MTA次期資本計画発表

ニューヨークのMTA(Metropolitan Transportation Authority)が、2020年-2024年の資本計画を発表しました。総額515億ドルに及ぶ投資を5年間で行う物凄い計画で、毎年1兆円を超える計算です。現行の5年計画に比べて7割増しだそうで、国鉄の通勤五方面作戦の頃を思い起こさせます。もっとも国鉄の計画は、物価と人件費がまだ安かったころにその金額を投じていたから凄かったわけですが。ほとんどが債券発行によるようですが、償還をMTAの運賃収入でやるというわけではないようで、結局税収などを充てているようですね。

このうち373億ドルと大半がニューヨーク地下鉄に割り当てられます。6路線の信号近代化に71億ドルを費やすとありますが、これはCBTCの導入ですね。71億ドルもかかるというのが恐ろしい話です。これだけ費やせば、日本だと首都圏のJR東日本通勤路線をすべてCBTC化できそうです。実際にはマンパワーの制約で無理でしょうけれど。ニューヨークで6路線展開するのも大変な作業だと思います。

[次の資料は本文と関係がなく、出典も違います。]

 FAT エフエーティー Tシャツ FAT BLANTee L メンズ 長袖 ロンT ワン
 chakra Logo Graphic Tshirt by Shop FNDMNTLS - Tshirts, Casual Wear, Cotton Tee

また61億ドルを費やしてBディビジョン用の車両を1000両、Aディビジョン用の車両を900両買うそうです。1両当たり3億円を超える計算なのですが、一体どうして通勤用車両を同型大量生産しておいてこんな金額になるのか、理解困難です。日本だと1億円に収められそうな気がします。やはりニューヨークだとなんでも高くつきますね。

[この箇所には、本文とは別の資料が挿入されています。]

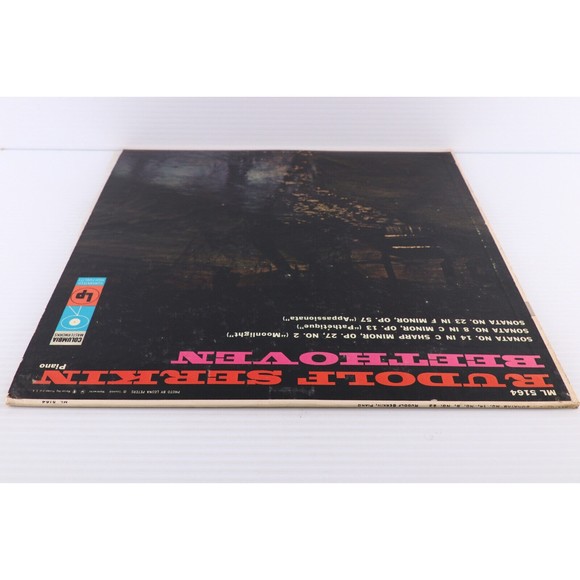 Beethoven, Rudolf Serkin Sonata No. 8, 14, 23 1956 Mono 6-Eye LP Record ML 5164 - Picture 6 of 16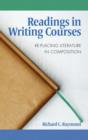 Image for Readings in Writing Courses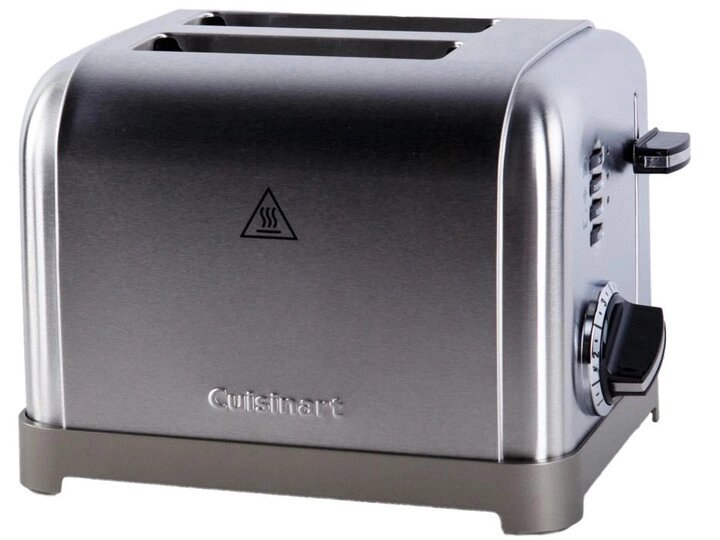 Тостер Cuisinart CPT160E 900 Вт сiрий від компанії Shock km ua - фото 1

70駅のバリアフリー化、その他175駅のリニューアルをやるそうで、現状400以上ある地下鉄駅のほとんどにエレベーターが未装備なので、かなり対策が進展しそうです。これはありがたいところです。

2番街線も45億5000万ドル投入するそうで、これで125丁目までの第2段階延伸区間がすべて完成する見込みのようです。2番街線は1世紀近く計画がありながら放置されてきた歴史がありますが、ようやっとここまで伸びてきました。できればさっさと63丁目以南の区間も着工して、レキシントン・アベニュー線の混雑緩和を実現してほしいところです。

他にロングレール化や軌道の更新などで26億ドルを使うそうで、老朽化していた地下鉄の設備状況はかなり改善しそうです。かかっている費用が物凄いですけど、着実に予算を投じているので、前進はしそうですね。